A In April, Kahului Elementary School cafeteria manager, Perry Yadao, accepted a delivery of 10 pounds of poi from kalo farmer, Bobby Pahia, and Aloha Poi Factory owner, Lester Nakama. Yadao was able to purchase poi through the ‘Āina Pono Program which seeks to increase local food in student meals, as well as, connect our keiki with the ‘aina through food.
In addition to being locally grown and produced, poi is a cultural staple that has not only sustained Hawaiian families historically, but still serves as one of the best superfoods in today’s modern diet. Poi is fat-free, high in fiber, low in sodium, gluten free, high in vitamin B, calcium and phosphorus. Proper levels of phosphorous in a diet support brain function, cognitive growth and development. Poi also currently plays a large role in Hawai’i as part of a diet to overcome obesity, diabetes and heart disease bringing us back to a traditional, local food that many of our ancestors ate. “I’ve been working in the DOE since 1997 and I’ve never seen poi available, so I thought I would try it as a healthy alternative for the students. I served it for breakfast as a parfait with pineapple,” Yadao said.
The ‘Āina Pono Hawai’i State Farm to School initiative through the Department of Education has successfully supplied fresh locally grown products to Hawaii public schools such as Okinawan sweet potato, ‘ulu, pineapple, papaya, and banana for the past two years. However, securing a consistent supply of kalo and poi had not been possible until ‘Āina Pono partnered with the Maui-based, Mahi Pono LLC to procure kalo from Maui farmers as part of the Keiki Poi Project.

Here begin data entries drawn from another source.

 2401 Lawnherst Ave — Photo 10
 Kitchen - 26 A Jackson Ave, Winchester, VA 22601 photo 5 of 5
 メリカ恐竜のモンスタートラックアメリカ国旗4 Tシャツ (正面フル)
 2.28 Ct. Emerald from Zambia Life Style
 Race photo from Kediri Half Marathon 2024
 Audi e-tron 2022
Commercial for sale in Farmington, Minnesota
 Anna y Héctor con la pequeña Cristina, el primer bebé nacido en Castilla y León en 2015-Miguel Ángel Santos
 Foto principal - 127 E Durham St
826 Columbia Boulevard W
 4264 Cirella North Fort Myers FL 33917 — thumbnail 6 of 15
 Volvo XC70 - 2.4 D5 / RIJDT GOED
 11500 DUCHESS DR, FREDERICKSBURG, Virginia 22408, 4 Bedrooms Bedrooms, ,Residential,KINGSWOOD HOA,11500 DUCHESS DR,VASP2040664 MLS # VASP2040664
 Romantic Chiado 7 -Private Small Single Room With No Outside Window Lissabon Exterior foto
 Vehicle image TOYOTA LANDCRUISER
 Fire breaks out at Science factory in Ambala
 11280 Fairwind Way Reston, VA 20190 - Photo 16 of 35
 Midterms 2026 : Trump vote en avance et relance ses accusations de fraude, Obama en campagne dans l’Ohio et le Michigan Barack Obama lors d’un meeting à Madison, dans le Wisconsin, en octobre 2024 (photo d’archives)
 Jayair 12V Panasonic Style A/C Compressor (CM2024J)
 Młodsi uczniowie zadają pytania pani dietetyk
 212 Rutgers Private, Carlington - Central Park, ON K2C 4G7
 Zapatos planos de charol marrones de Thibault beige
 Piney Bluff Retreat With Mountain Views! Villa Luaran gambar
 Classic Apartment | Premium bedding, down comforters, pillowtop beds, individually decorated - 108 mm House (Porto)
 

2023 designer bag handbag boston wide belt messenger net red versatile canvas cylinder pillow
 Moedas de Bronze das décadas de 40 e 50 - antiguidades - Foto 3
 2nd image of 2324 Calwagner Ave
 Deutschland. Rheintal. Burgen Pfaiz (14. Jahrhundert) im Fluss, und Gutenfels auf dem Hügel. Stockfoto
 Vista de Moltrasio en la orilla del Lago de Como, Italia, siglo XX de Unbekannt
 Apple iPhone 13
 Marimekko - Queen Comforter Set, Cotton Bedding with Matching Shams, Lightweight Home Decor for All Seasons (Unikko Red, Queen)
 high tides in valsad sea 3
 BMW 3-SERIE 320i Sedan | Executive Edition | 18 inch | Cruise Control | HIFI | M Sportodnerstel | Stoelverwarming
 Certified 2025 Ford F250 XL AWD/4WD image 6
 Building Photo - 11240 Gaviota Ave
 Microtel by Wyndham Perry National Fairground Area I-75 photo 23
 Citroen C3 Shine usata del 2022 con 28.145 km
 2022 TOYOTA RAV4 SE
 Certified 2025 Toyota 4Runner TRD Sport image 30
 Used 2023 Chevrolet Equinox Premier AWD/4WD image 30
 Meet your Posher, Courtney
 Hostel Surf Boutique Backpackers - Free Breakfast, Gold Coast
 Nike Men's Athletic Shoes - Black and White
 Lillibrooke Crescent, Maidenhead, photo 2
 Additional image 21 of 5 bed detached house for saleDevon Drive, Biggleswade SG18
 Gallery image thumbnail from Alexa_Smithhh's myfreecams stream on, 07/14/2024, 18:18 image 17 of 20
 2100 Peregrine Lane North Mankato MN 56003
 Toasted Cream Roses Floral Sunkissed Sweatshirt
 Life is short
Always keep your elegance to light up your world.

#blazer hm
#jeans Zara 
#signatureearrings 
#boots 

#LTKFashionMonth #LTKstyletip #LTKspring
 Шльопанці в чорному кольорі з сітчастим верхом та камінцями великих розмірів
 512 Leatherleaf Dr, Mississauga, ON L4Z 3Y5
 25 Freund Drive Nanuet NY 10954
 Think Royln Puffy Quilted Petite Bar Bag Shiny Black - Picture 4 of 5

Along with Blue Zones Project and HEAL (Healthy Eating, Active Living Coailition), the effort to make healthy, local options more available in schools has become a reality in Maui County.
For the first time, seven Maui County schools are serving poi through the ‘Āina Pono Program including Kilohana Elementary, Maui High School, Kula Elementary, Lahainaluna High School, King Kekaulike High School, Kahului Elementary, and Waihee Elementary.
* 1/2 cup poi
* 2 tablespoons cold water
* 2 teaspoons agave (or other natural sweetener)
* 1/4 banana, sliced (local, if can)
* 2-3 strawberries, sliced (organic, if can)
* 1/4 cup blueberries (organic, if can)
Mix poi and water. Add agave and blend well. (May be prepared in advance and chilled). Pour poi mixture in bottom of bowl. Layer with granola and top with assorted sliced fruit.
Enjoy this dish. It can be eaten for breakfast or part of a healthy lunch or dinner and can easily be made with the keiki.